One issue we've struggled with when adding an Arrow interface to Geomesa
is the requirement to send all dictionary batches before record batches
in the IPC formats. Sometimes we have pre-computed "top-k" stats that we
can use to assemble a dictionary beforehand, but those don't always
exist, and even when they do they aren't complete by definition, so we
could end up hiding valuable data in an "Other" category. So in practice
we often have to wait to collect all the data before we can start
streaming anything.
I'd like to propose a couple of modifications to the Arrow IPC formats
that could help alleviate this problem:
1) Allow multiple dictionary batches to use the same id. The vectors in
all dictionary batches with the same id can be concatenated together to
represent the full dictionary with that id.
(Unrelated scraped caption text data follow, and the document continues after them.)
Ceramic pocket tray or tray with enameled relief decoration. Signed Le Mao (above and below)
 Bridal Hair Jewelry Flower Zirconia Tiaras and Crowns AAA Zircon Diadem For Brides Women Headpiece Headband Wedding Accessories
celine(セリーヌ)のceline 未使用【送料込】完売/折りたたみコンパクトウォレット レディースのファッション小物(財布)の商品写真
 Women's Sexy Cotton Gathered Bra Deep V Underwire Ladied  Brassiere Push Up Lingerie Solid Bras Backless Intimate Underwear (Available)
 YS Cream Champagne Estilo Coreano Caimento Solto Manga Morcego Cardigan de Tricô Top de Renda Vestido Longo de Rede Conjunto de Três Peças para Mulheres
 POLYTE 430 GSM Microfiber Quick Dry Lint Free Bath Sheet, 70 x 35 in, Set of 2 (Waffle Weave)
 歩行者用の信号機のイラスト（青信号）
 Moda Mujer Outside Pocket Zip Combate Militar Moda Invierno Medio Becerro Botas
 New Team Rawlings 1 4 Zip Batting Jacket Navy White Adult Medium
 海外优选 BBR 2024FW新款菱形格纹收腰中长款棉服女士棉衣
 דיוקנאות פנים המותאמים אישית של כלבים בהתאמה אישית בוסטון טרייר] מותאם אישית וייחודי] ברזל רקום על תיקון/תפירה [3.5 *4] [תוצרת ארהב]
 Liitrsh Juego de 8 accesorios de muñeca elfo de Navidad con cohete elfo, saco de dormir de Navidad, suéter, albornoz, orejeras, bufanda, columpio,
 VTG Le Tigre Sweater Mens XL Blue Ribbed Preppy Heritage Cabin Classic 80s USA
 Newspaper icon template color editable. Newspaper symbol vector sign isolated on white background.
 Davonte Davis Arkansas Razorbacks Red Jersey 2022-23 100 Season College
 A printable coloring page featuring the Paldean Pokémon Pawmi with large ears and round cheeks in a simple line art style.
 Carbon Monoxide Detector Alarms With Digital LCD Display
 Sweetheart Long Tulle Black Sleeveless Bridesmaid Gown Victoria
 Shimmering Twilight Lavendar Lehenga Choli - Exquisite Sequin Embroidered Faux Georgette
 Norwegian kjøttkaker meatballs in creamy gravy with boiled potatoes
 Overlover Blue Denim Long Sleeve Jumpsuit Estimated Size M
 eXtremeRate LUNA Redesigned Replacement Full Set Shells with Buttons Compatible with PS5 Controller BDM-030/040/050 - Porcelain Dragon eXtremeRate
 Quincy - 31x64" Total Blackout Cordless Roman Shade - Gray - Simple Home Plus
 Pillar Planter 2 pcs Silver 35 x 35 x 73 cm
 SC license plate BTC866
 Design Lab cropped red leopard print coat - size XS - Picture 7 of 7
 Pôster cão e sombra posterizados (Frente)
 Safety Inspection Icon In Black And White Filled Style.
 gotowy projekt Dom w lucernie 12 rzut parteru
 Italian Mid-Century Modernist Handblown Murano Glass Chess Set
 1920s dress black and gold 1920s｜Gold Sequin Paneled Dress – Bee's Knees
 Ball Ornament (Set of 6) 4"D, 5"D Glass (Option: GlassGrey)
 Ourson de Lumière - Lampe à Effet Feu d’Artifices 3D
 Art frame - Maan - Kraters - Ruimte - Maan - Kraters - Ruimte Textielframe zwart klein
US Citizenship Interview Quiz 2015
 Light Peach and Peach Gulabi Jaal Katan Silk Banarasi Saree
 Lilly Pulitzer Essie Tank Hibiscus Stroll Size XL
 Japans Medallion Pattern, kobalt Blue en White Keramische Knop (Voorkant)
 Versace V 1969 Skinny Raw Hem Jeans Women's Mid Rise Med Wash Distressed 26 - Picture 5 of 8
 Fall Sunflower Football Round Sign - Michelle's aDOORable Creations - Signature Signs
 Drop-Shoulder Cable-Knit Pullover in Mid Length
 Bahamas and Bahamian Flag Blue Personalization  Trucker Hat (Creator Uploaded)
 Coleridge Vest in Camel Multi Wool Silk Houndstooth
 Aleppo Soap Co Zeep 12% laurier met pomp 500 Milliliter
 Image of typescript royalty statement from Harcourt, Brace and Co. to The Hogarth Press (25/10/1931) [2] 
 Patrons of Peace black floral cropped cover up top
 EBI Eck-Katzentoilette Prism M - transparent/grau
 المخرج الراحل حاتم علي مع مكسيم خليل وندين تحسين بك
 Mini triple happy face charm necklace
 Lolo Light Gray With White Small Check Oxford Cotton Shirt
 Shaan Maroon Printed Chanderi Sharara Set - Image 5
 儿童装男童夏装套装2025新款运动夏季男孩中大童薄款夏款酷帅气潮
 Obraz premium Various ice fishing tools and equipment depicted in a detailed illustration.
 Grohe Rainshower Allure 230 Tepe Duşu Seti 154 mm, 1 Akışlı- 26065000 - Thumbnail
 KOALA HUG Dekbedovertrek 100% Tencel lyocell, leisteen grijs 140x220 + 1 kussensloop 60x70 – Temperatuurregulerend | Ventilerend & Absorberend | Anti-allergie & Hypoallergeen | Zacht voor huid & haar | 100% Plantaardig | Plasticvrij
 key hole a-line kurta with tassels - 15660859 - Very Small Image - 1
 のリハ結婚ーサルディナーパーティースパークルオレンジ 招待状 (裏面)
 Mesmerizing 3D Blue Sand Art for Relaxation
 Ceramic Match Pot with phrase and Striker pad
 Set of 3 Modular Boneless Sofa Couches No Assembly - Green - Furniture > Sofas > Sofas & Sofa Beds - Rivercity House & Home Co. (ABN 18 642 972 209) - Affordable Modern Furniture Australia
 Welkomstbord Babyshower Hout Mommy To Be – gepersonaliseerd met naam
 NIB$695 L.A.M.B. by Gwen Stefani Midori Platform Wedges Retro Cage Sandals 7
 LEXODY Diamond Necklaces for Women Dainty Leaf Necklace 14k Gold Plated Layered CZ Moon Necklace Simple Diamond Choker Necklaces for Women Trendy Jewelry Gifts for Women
2) Allow dictionary batches and record batches to be interleaved. For
the streaming format, there could be an additional requirement that any
dictionary key used in a record batch must have been defined in a
previously sent dictionary batch.
These changes would allow producers to send "delta" dictionary batches
in an Arrow stream to define new keys that will be used in future record
batches. Here's an example stream with one column of city names, to help
illustrate the idea:
<SCHEMA>
<DICTIONARY id=0>
(0) "New York"
(1) "Seattle"
(2) "Washington, DC"
<RECORD BATCH 0>
0
1
2
1
<DICTIONARY id=0>
(3) "Chicago"
(4) "San Francisco"
<RECORD BATCH 1>
3
2
4
0
EOS
Decoded Data:
-------------
New York
Seattle
Washington, DC
Seattle
Chicago
Washington, DC
San Francisco
New York
I also think it can be valuable if the requirement mentioned in #2
applies only to the streaming format, so that the random-access format
would support dictionary batches following record batches. That way
producers creating random-access files could start writing record
batches before all the data for the dictionaries has been assembled.
I need to give Paul Taylor credit for this idea - he actually already
wrote the JS arrow reader to combine dictionaries with the same id
(https://github.com/apache/arrow/blob/master/js/src/reader/arrow.ts#L59),
and it occurred to me that that could be a solution for us.
Thanks
Brian